Ellen battered and bruised but fights on
by Offshore Challenges on 22 Jan 2005
'Blue skies to windward, huge cloud to leeward...I can't believe it but I only have six knots of wind. In the past few hours I've had everything from 14 to 27 knots, its made it impossible to rest. I stood on deck earlier and shouted out to the sky that I couldn't do another sail change. Not sure whether to get the full main back up again, if there is wind out the other side of this cloud we'll be in trouble...and re-hoisting the mainsail is brutal. The sea has gone calm, like this hole is a trap.'
Upwind 20plus knots continue as B&Q heads north-east at 11.91 knots of boat speed. Ellen's lead continues to slip. Half an hour of her lead for every hour of time - this morning she held a one day, twenty hour lead at 0710GMT by 1810GMT it was one day fourteen hours. The breeze is expected to diminish overnight and tomorrow there is going to be very little wind around. Expect to see further time lost this weekend.

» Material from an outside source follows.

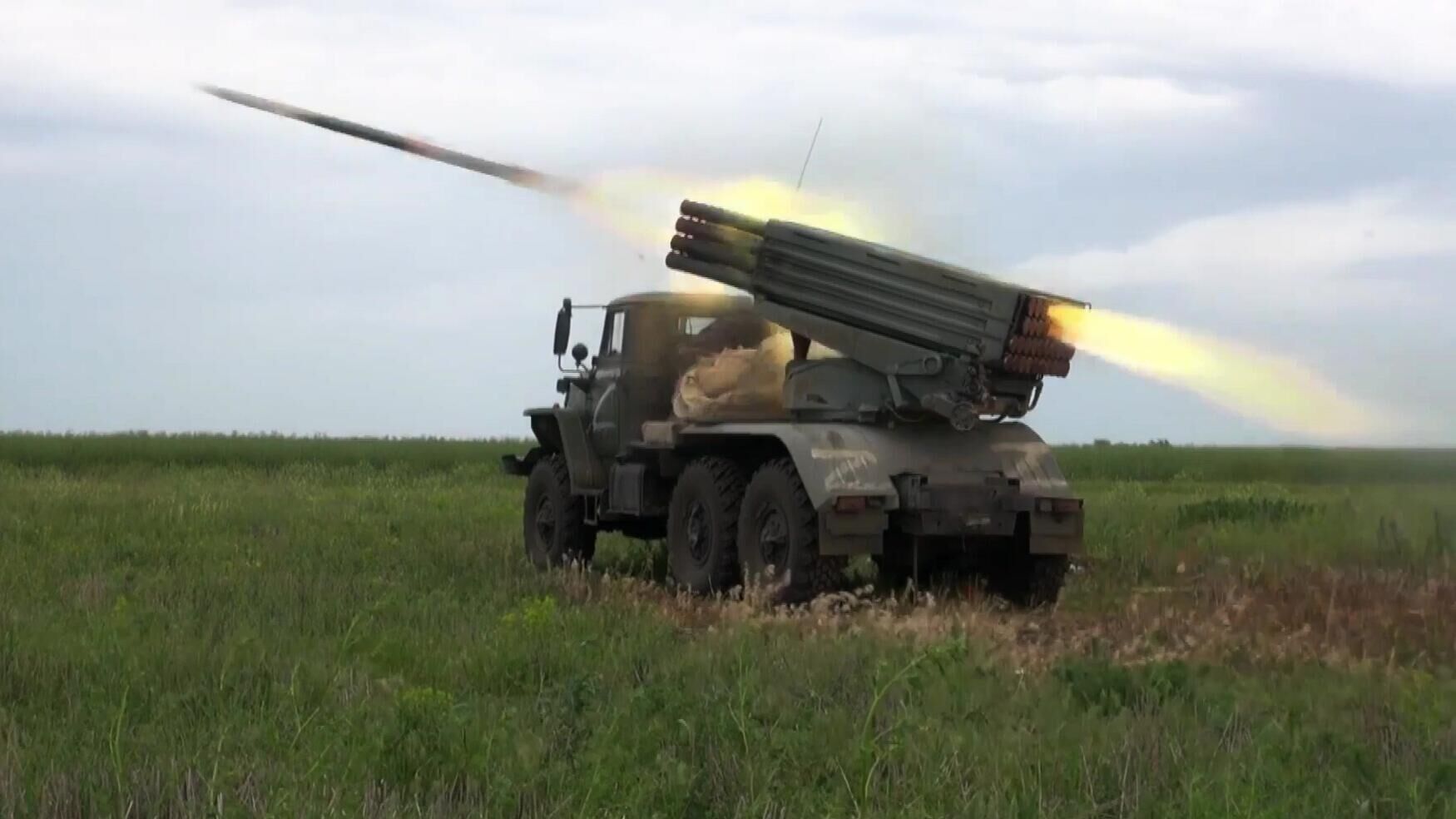 Работа РСЗО Град в ходе специальной военной операции на Украине. Стоп-кадр видео - РИА Новости, 1920, 23.07.2022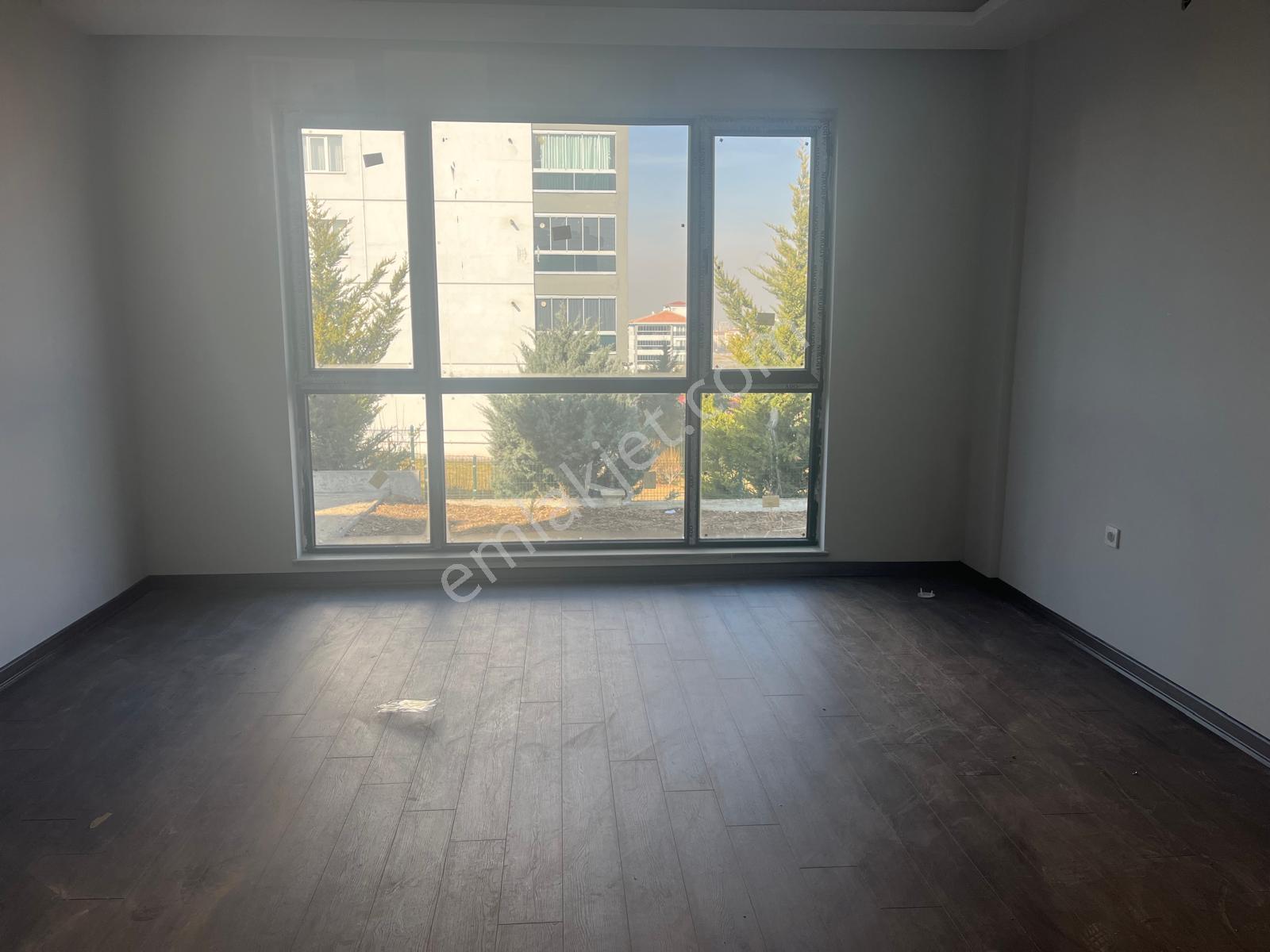 Uzmanlardan Geniş Ailelere Uygun Full Yapılı 4+1 İskanlı Satılık Villa - Görsel 35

B&Q has now sailed over 22,000 miles at 16.9 knots but for the last three days her daily mileage has dropped to around the 130 mile mark [compared to the 400 mile mark in the Southern Ocean]. Every mile is hard-fought for, although this weekend Ellen needs to focus on the bigger picture rather than fighting for every mile in the light airs and hot conditions that will take out of her what she hasn't got to give.
‘I can't believe this breeze - I tacked back to port, heading north-east, over an hour ago on what I thought was diminishing breeze but I've had 31 knots, two times 27 and 28 knots - it's so changeable. We've got five major sail changes between now and the light stuff. I hurt a lot, can't get comfortable to sleep. Think the nights will give me more respite than the days in this heat.’
B&Q is still on a north-westerly course at 11.31 knots [wind speed 22.3 knots] but likely to tack back on to port on a north-east course within a few hours as breeze edges further left, that is west of north. Ellen is tacking to stay in the strongest northerly airflow but needs to avoid going to far east, closer to the high pressure zone of the St Helena High which is expanding westwards, or too far west, close to the Brazilian coast.
Unfavourable weather since rounding Cape Horn and the rigours of climbing the mast twice yesterday, when Ellen effectively sailed B&Q back down the course, has massively impacted on her advantage, which has fallen to under two days - her smallest advantage since approaching halfway on New Year's Eve.
In her call this morning Ellen relayed, ‘I feel very nervous this morning because I'm very tired, I'm very sore I can hardly move my leg it is so swollen, and I'm nervous because we've been going slowly and the weather ahead is terrible, the wind has not at all been what was forecast, I've had 34 knots, and down to 17, this has meant more sail changes and very little chance to rest. We're back on the second reef, and that makes me nervous as the headboard car is sitting right where the damage is. We just need some flatter water.'
The wind today is northerly with 18-25 knots flow - but prognosis for the weekend is for light airs. Slow boat speeds and hard work for Ellen to keep B&Q moving, zig-zagging northwards to avoid the worst of the high pressure in the east and avoiding the Brazilian coast to the west, and with Saturday, Sunday and Monday looking very light and slow, this lead could turn in to a deficit by Tuesday. The 'race' could be restarting from the Equator.